Van Rompuy Utters Bold Analogy of EU's Position and Path in World
Herman Van Rompuy, the soft spoken, low-key President of the European Council, dubbed upon his appointment as the "accidental president," uttered one of the boldest analogies of the EU in a speech yesterday at the University of Zurich by referring to the EU as a Phoenix. Van Rompuy in doing so provided listeners with a picture of the EU's powerful position and path. The Phoenix, a mythological bird, is said to burst into flames when it died. It then rises from its own ashes with new life and strength.
Quoting Churchill who in that very same auditorium delivered a speech in September of 1946, pleading, "Let Europe Arise," Van Rompuy stated, "And Europe did arise from the ashes of the world war. Today, some problems notwithstanding, Europe is by and large the most prosperous, the most secure and the freest continent on earth."
Mr. Van Rompuy attributes the EU member states, which have joined the EU since 1950, including the admission of the Eastern European nations and their taking joint decisions together and helping to consolidate democracy throughout the continent, as contributing a major contribution to the rising of the EU Phoenix.
Van Rompuy states that the current financial crisis is a matter of member countries' weaknesses coming to the surface resulting from their "ill managed past." The EU not only takes responsibility for itself but for the world economy, which is interdependent.

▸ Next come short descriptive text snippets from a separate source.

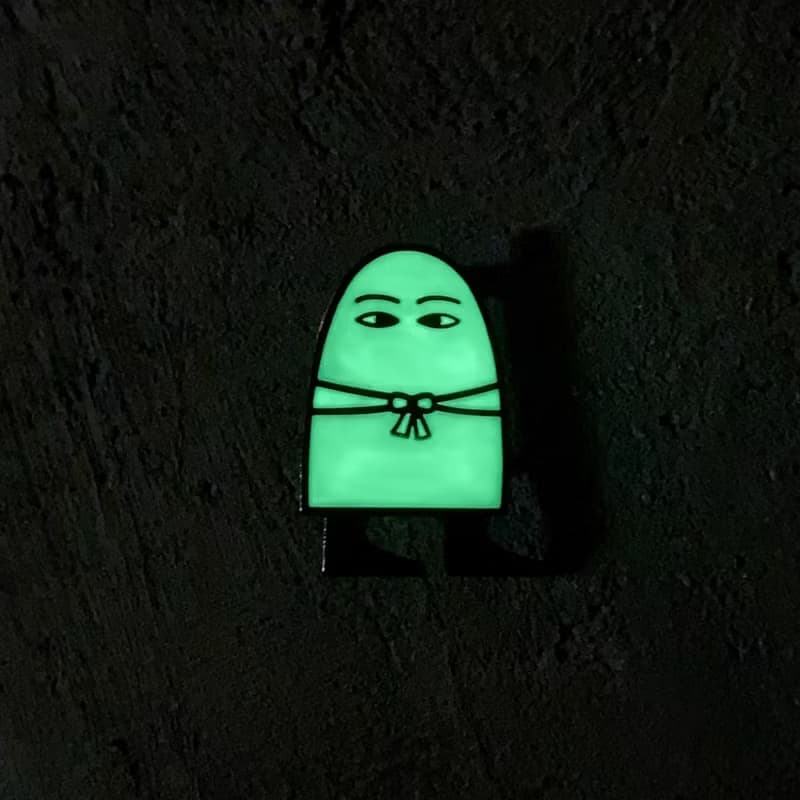 Horus studio 埃及文明系列 / 夜光特別版 / 不知名的神梅傑德 /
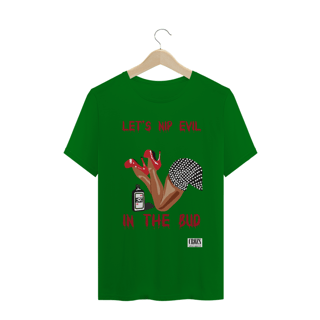 Nome do produto Camiseta Poison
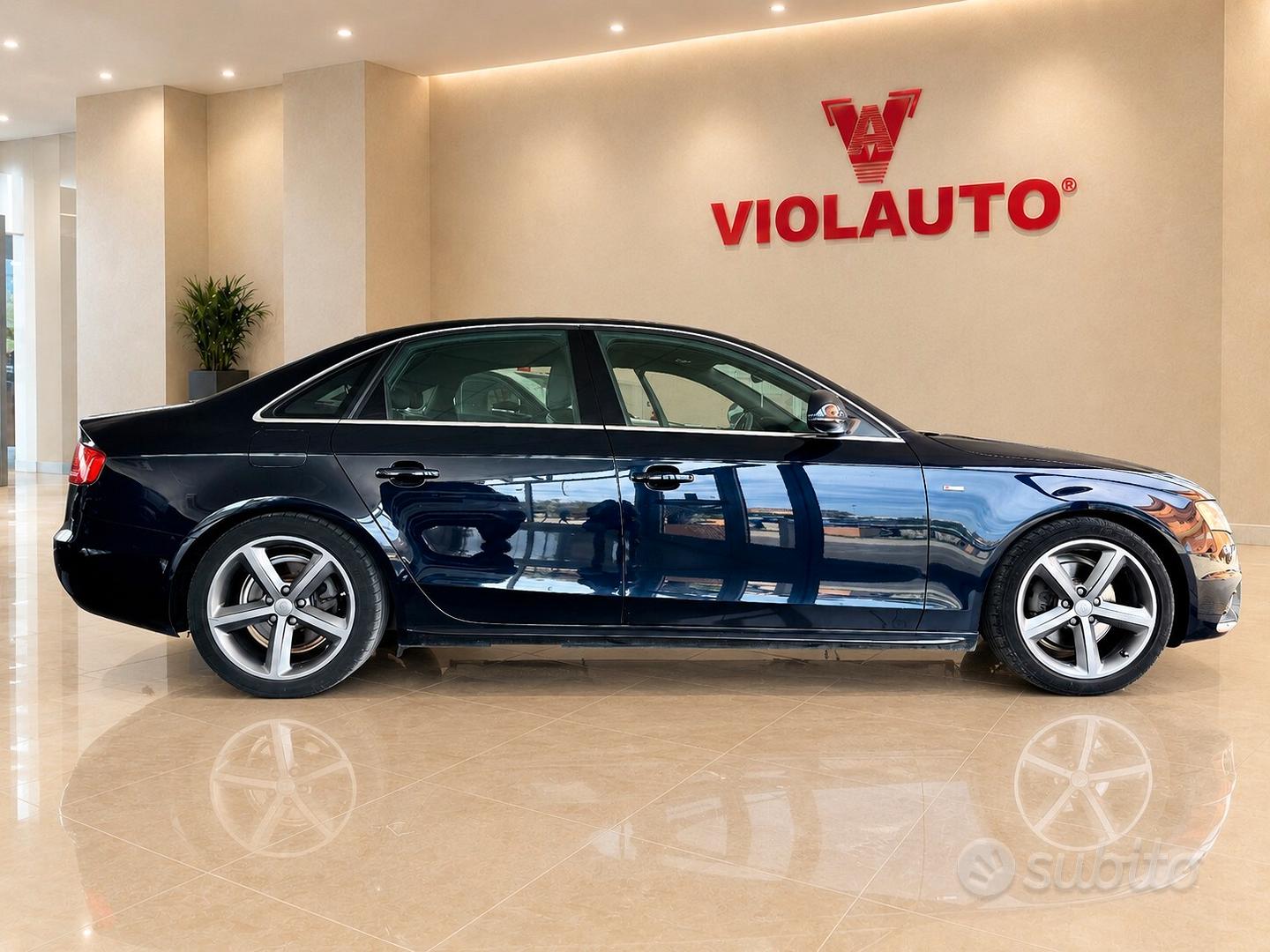 Audi A4 2009 photo 3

Herman Van Rompuy acknowledged that the EU's most serious political challenge is markets "moving at the speed of a click of the mouse" against political processes that do not work so speedily within the EU institutional structure. Van Rompuy stated that the EU is now putting in "place rules and procedures that will both anticipate problems in the future and enable a more speedy and flexible reaction." Herman Van Rompuy states that the EU has "a real debate about the way forward." Their duty is to guarantee financial stability of the Euro area and also stimulate economic growth. Van Rompuy affirmed, "The European Phoenix, arisen out of the ashes of 1945, needs growth to stay on course."
Herman Van Rompuy outlines three trends that affect the EU. The high growth rates of the five BRIC countries, which the EU will focus its energies to engage their growth and create opportunities for itself. In addition, each of these countries are a strategic partner that can work with the EU on political issues. Second, the accession of Russia to the WTO. The third trend he cites is the strategic shift from the Atlantic to the Pacific and to deepen economic relations within that area.

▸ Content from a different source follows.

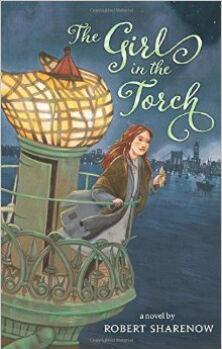 The Girl in the Torch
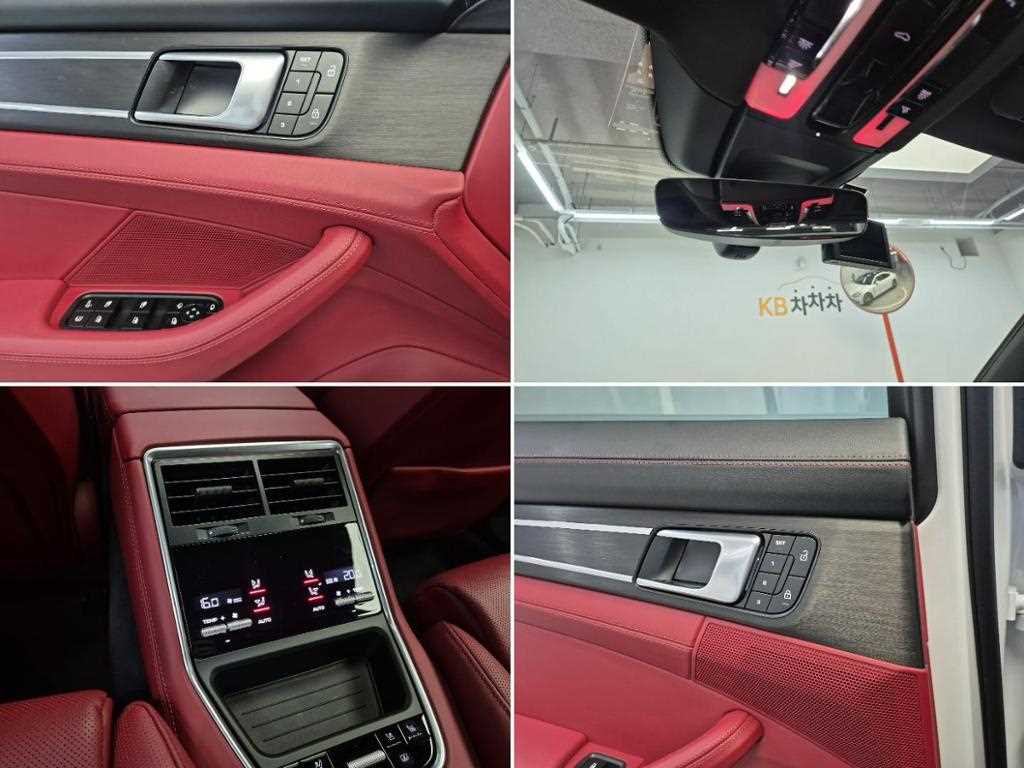 Porsche Panamera 2023 Blanco - Importación desde Corea - HF Imports Iquique - Foto 18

"Power and influence in the world are more and more a matter of economy, and less of weapons." Power no longer only comes "from the barrel of a gun," meaning that the EU will develop its trade relations with these countries and in doing so will diffuse any political tensions and build its economy. The fourth factor is the Arab Spring. The EU's credibility will be determined by how it handles its neighbors from the Arab, Eastern bloc and Balkan nations.
Van Rompuy affirmed that while the EU is not going backwards their progress is limited, their "slice of the cake is shrinking." The EU is determined to live up to the challenges and being the world's largest market it has substantial cards to play. According to Van Rompuy, trade is the EU's smartest form of power, trade will engage the EU deeper into parts of the world that have the highest growth potential.
Herman Van Rompuy points out that the Euro is the world's second reserve currency and its health directly effects the world economy and while the EU works on solving its crisis he also calls on the US to stabilize its public debt situation, and for China to stimulate its domestic demand and make its exchange rate more flexible.